2010 was a watershed for Angelos in more personal ways too. He married “the girl next door”, Petroula, who works in publishing. Even the wedding itself was permeated by the impact of the crisis.

“On our wedding day when we came out of the dimarxio, instead of confetti in the air there was tear gas.”

While the storm may have passed, Angelos believes there are lessons to be learned both from the crisis and the challenges Greece still faces: it’s all about self-belief and generational change.

“When a country hits rock bottom the first thing to blossom is creativity and I see that here,” he says.

“Do your thing to the best of your ability and move with the times. Your thoughts create the world you live in, so if you want to look at things negatively, then that’s what you’ll get.”

Four years ago, an example of Angelos’ positive philosophy was his establishing of the Falcon Photo Agency – a device to promote not just his own work but the work of emerging photo-journalists.

“I like helping people out who have great work and can’t get it published,” he says.

“I step in and propose the work to the markets that I’ve found in Europe.”

The relative peace in Athens today is something Giotopoulos welcomes. Perhaps fatherhood (he became a dad to Eleftherios in March 2013) has had its effect too. Has the patter of little feet altered his look on life?

“It’s changed me, but I can’t say how,” says Angelos.

“It’s added another responsibility, to keep me on my toes I guess.”
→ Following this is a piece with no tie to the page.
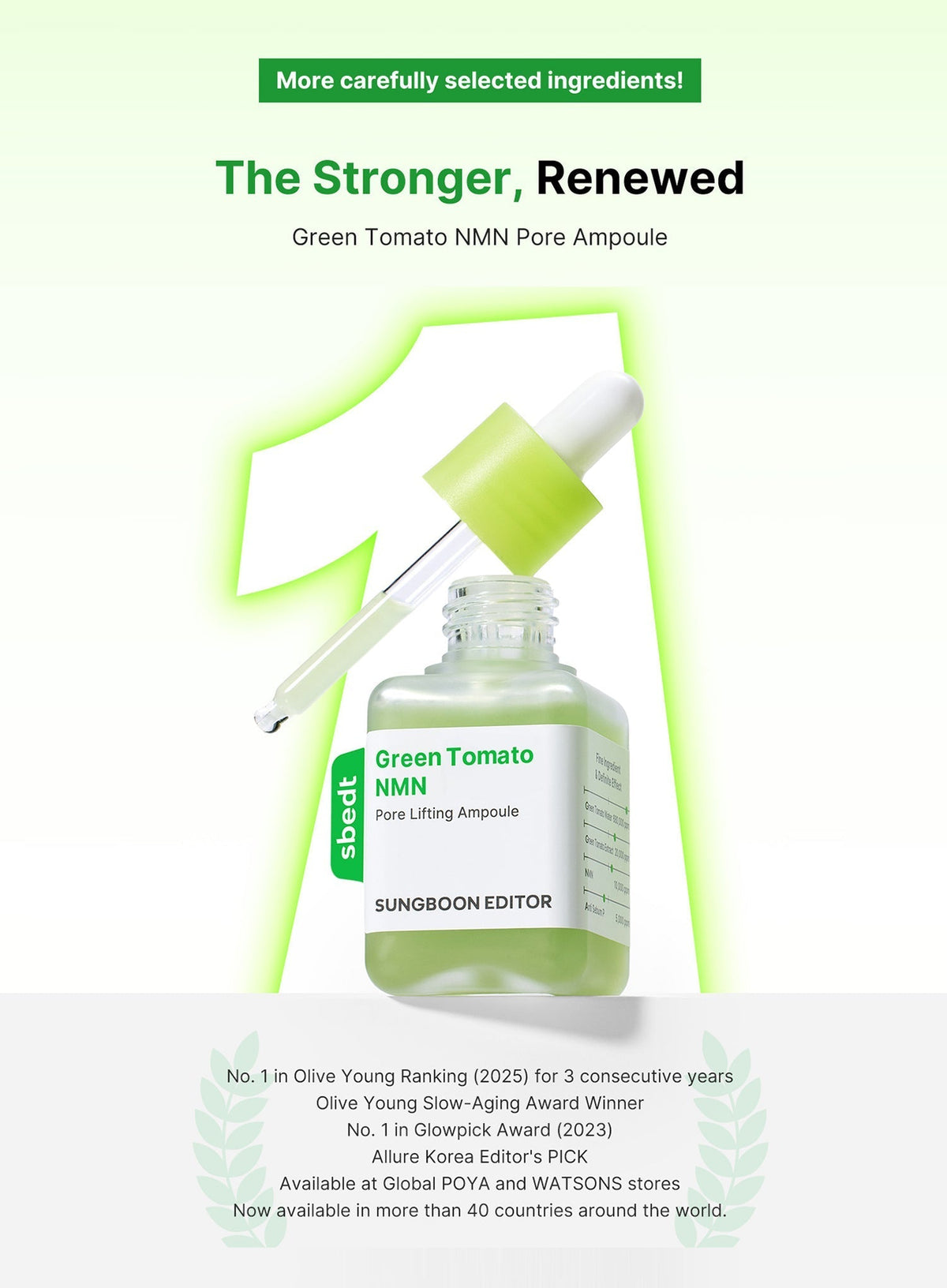 Green Tomato NMN Pore Minimizing Ampoule (40ml)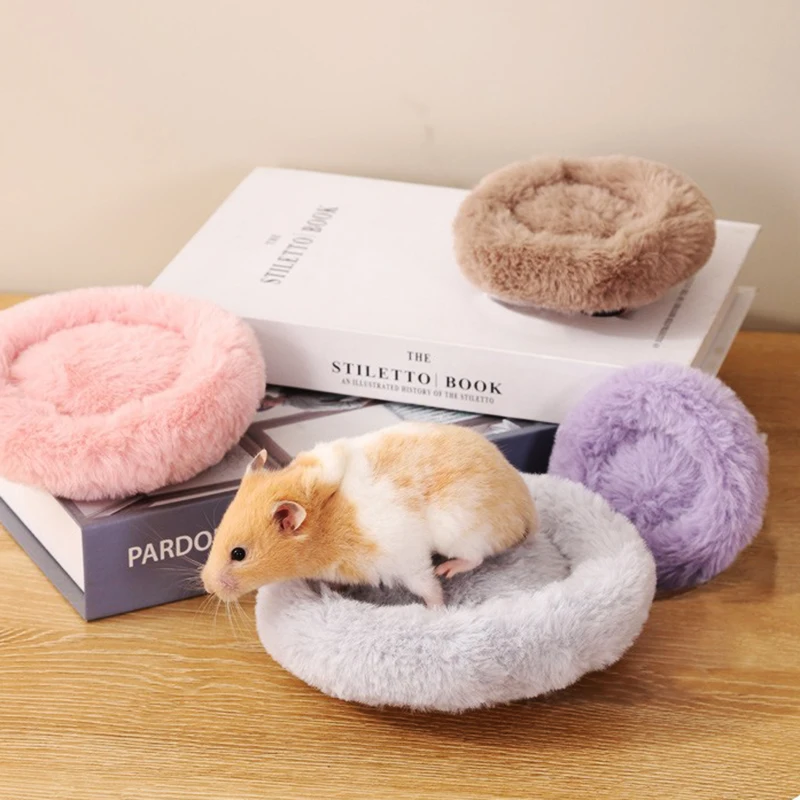 Warm Round Small Animal Bed 6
Reflecting on a decade as an Athenian, this father, filmmaker, photographer and storyteller has no regrets, and his message of hope for his adopted and adored country is simple and profound.

“Greece will thrive if the right mindset is put in place,” he says.

“Keep the same vibe as before, but allow smart youngsters to do their thing – without them being fearful of taking a step forward or taking a risk.
“They need backing from the older generation. It’s the only way forward.”